# [WHAT YOU SHOULD DO]
Everything from the line holding "for Wardrobe Storage" through the end of the records should be printed exactly, apart from the pictures.
******************************
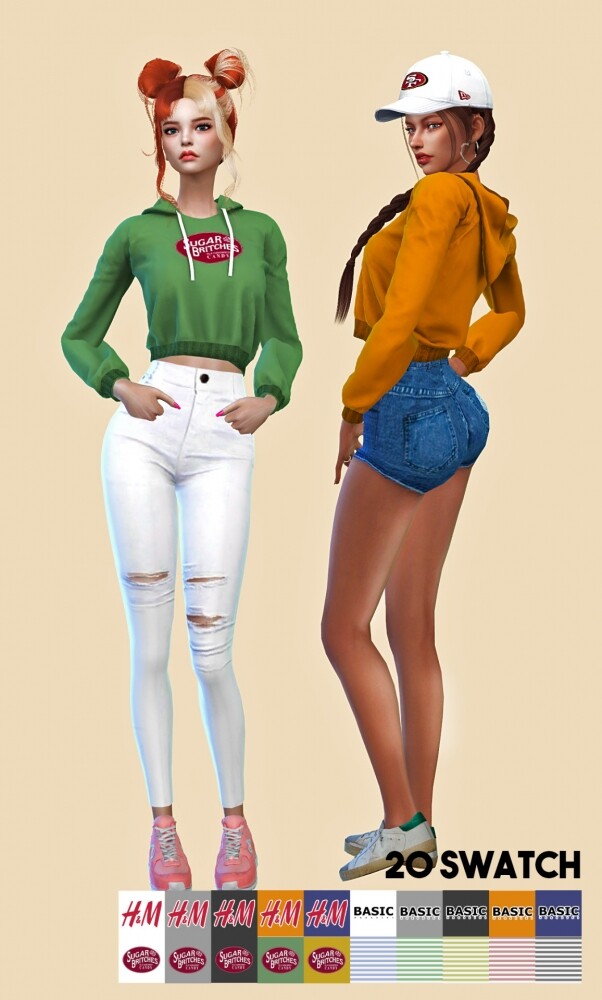 Sims 4 Female hoodie t shirt at L.Sim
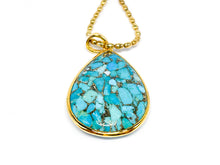 Lade das Bild in den Galerie-Viewer, Vintage Schmuck I Türkis Tropfenform I Cabochon I vergoldet I 925er Silber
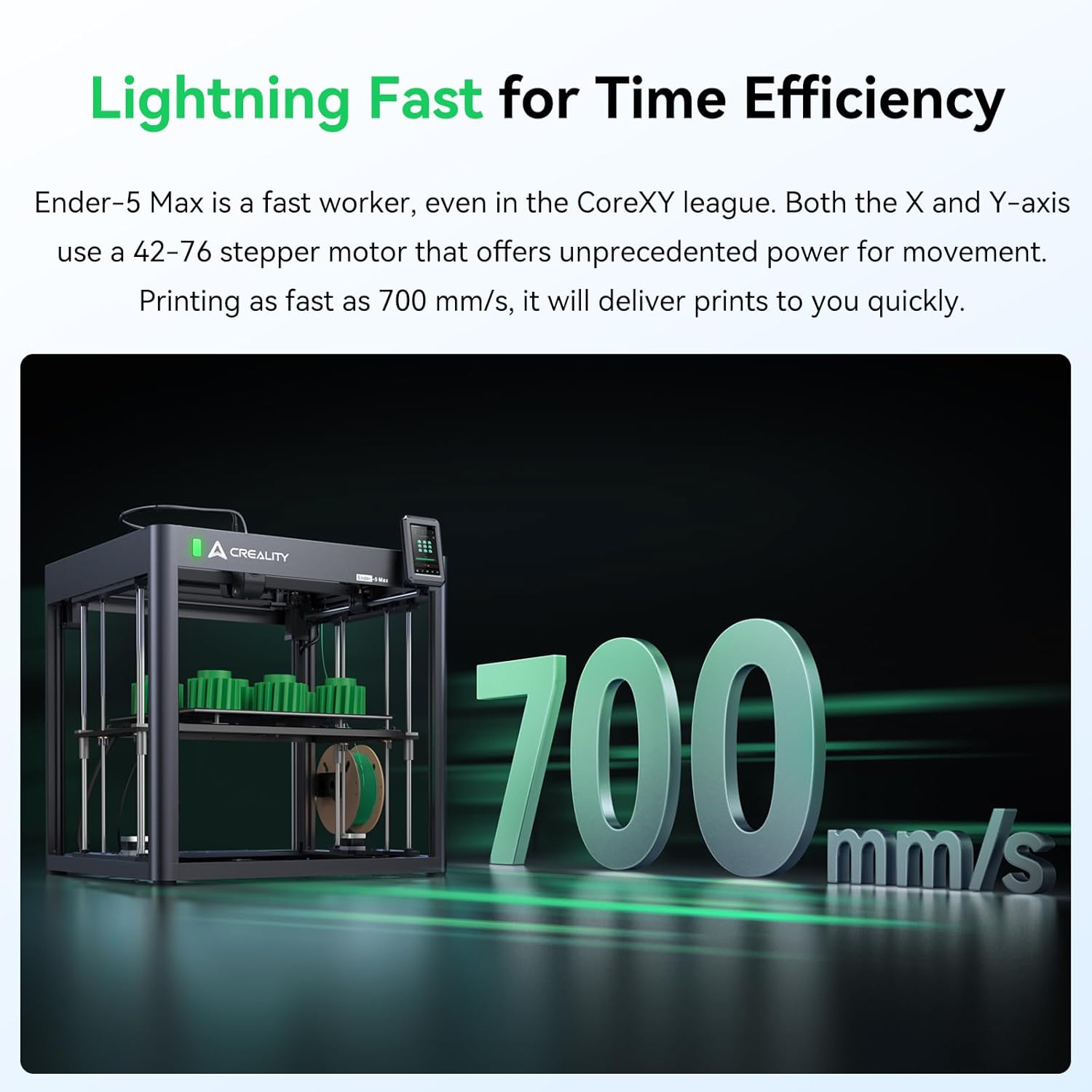 Creality Ender 5 Max 3D Printer printing at high speed, with a large '700 mm/s' graphic.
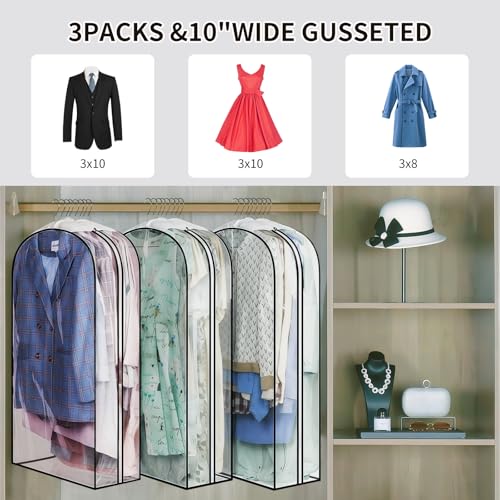 3 Pack 10" Clear Garment Bags for Hanging Clothes, 40" Gusseted Plastic Hanging Covers and Clothing Protectors with Side Zipper, Long Dress Suit Jacket Closet Cover Dust Proof for Wardrobe Storage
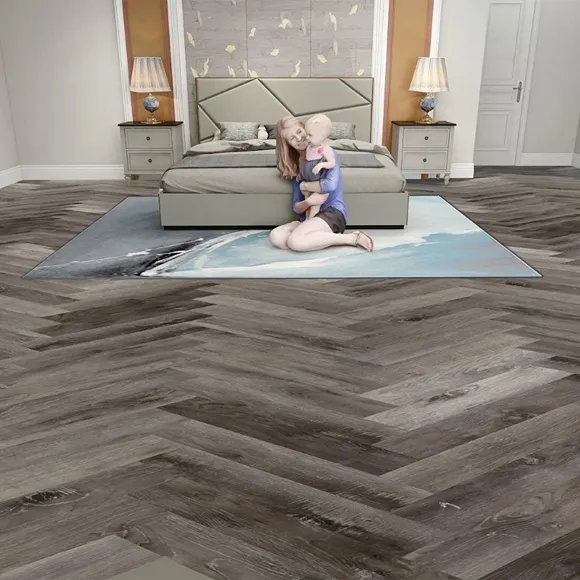 Weathered Ash Herringbone LVT Flooring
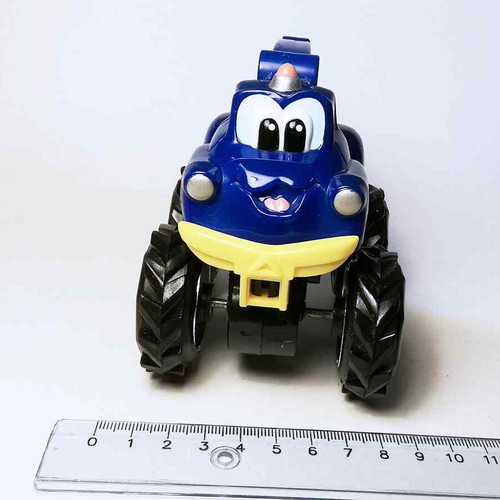 Plastic toy car used with rust and scratches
******************************
# [EXPECTED ANSWER]
 3 Pack 10" Clear Garment Bags for Hanging Clothes, 40" Gusseted Plastic Hanging Covers and Clothing Protectors with Side Zipper, Long Dress Suit Jacket Closet Cover Dust Proof for Wardrobe Storage
 Weathered Ash Herringbone LVT Flooring
 Plastic toy car used with rust and scratches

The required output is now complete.